Tree Trimming Time!
Are you a Real Tree Person?
A Fake Tree Person?
I am a real tree person, rather, our family has been since, well, my husband and I started our family many moons ago. Even as a kid, we always, always had a real tree. I love the smell of a real tree as soon as you bring it in the house. They need to bottle that smell as I would buy a ton of it. I know what your thinking, they already sell those cardboard tree scent thingies to hang in your car – but trust me, those are not even close to the smell of the real thing.
But back to trees though…
If you are a Fake Tree Person, chances are you have had your tree up since El Dia de los Muertos – Day of the Dead….which is November 1st for you English folks that don’t know about the Mexican tradition…sheesh, there I go again, side-car careening off track. Diehard Christmas-a-holics (of which I clearly do not understand) love their trees and décor so much they revel in it for as long as possible, making the neighbours green with envy….or sick to death of the displays before December even arrives.
Mind you, fake trees have come along way since the first ones were made way back in the 50′s and 60′s….like these….
Honestly…who really thought these things LOOKED like a real tree?!
But today, I am actually amazed how much the new artificial trees look like a real tree…
Still not going to buy one though…not yet anyway. Maybe when they make a fake tree smell like a real tree…maybe….but I am not committing anytime soon though.
Real Tree People wait (or at least I do) until at least 1 week before but not longer than 2 weeks prior to Christmas to get their trees. Otherwise, you could end up with more needles on the floor than on the tree come Christmas morning. Yes, that is the only downside to real trees, but so well worth it IMO.
There are 2 types of Real Tree People – Type 1 are those that venture into the woods, spending hours carefully stalking their prey, before pouncing and lopping it off at ground level and dragging it home like a prized 8-point buck.
Type 2 Real Tree People are the ones that drive to the local gardening store or big box hardware store and purchase one that was cut down in August and shipped from the East Coast. All told, they spend 15 minutes selecting a tree, run their debit card through the machine to the tune of 30 bucks or so, then strap the tree to the roof or stuff it in the trunk and away they go.
We used to be Type 1 people when the kids were little. It was fun to drag them through the snow (or a muddy field…if we had no snow yet) and listen to them whining about cold and tired feet. With the kids grown and gone, we are now Type 2 people. It is tough to try and get a good pre-cut tree though. So how do you get a ‘good’ tree when they all say the same thing: ‘Fresh Cut Trees For Sale!’ - What exactly defines a ‘Fresh Cut’ tree????
You do the Bang and Pull test before you plunk your hard earned cash over.

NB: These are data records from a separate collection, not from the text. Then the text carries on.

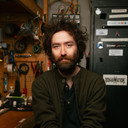 Mathieu Huard, Gaffer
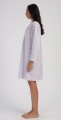 DSC07510.JPG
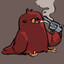 birb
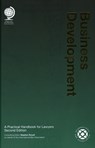 Business Development -  - 9781787423343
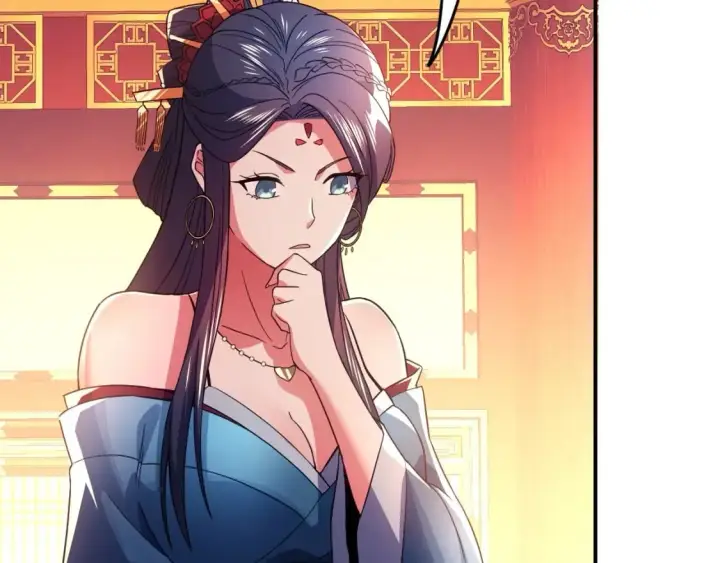 漫画《再不死我就真无敌了》第78话 密谍司的秘密逐渐揭晓第77张图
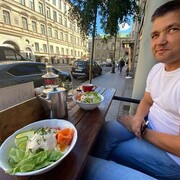  -,   , 39 ,   ,   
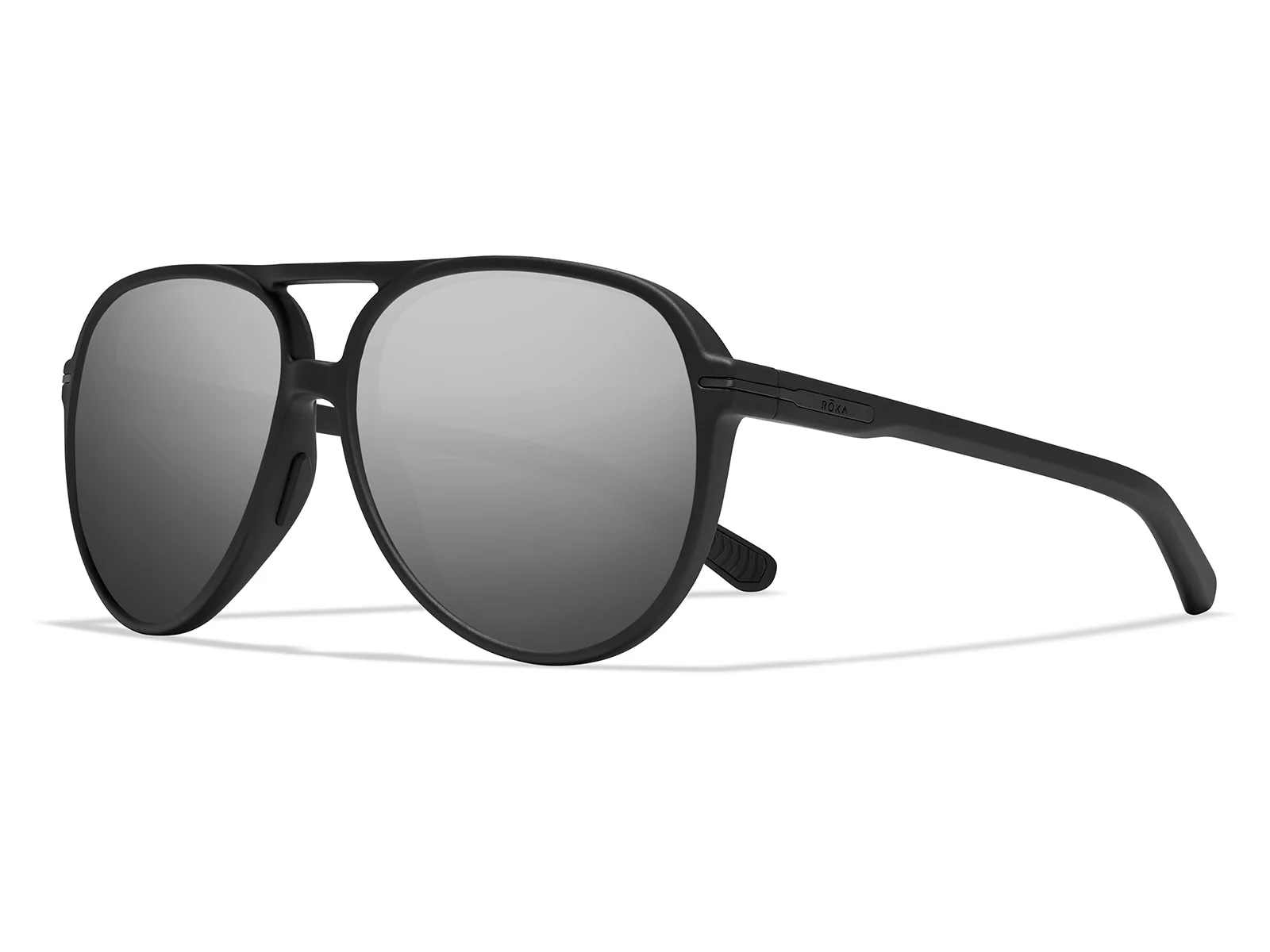 Havana Prescription Sunglasses - Image 36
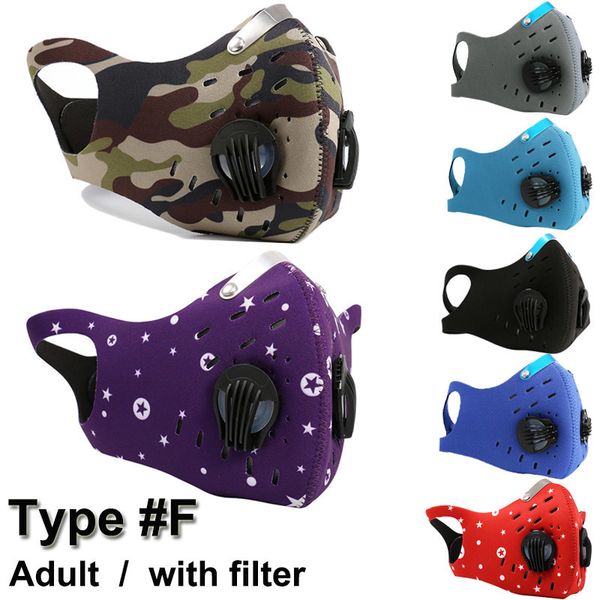 kids women 10pcs face with filters men mask pm2.5 anti-pollution windproof activated carbon for e7ox
kids women 10pcs face with filters men mask pm2.5 anti-pollution windproof activated carbon for e7ox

Have your hubby hold the tree up and bang it on the ground hard, if it loses half its needles, it has been sitting around since August. Then comes the pull test, which is simple, just grab a branch tip of needles and tug, do all the needles come off in your hand? Put the tree back and try another. With any luck, you’ll end up with a decent tree that will last until at least Boxing Day.
Once you bring your real tree home, you need to make a fresh cut on the trunk and then place it in a L-A-R-G-E tree holder that will hold LOTS of water…NOT like one of these…
This type holds less water than a thimble and your tree will suck the water up in 2 minutes flat. Christmas trees are fir trees, not cacti. The goal is to keep your tree alive during the Holiday Season, not transform it into a Saguaro.
Here is a decent sized one that will hold at least a gallon (or more preferable) of water…
Once your tree is secure in its new home, fill it with water and keep it filled every day. You will be surprised how much water a tree will drink everyday. I do stop watering mine a day or two before I take it down though, less chance of spilling water everywhere when hubby drags it back out the front door.
All you have to do now is plop your favourite Christmas music DVD into the stereo, grab a mug of hot chocolate (with Bailey’s!) and spend the afternoon decorating your tree.
(not QUITE ready to wish you Merry Christmas yet….soon though!)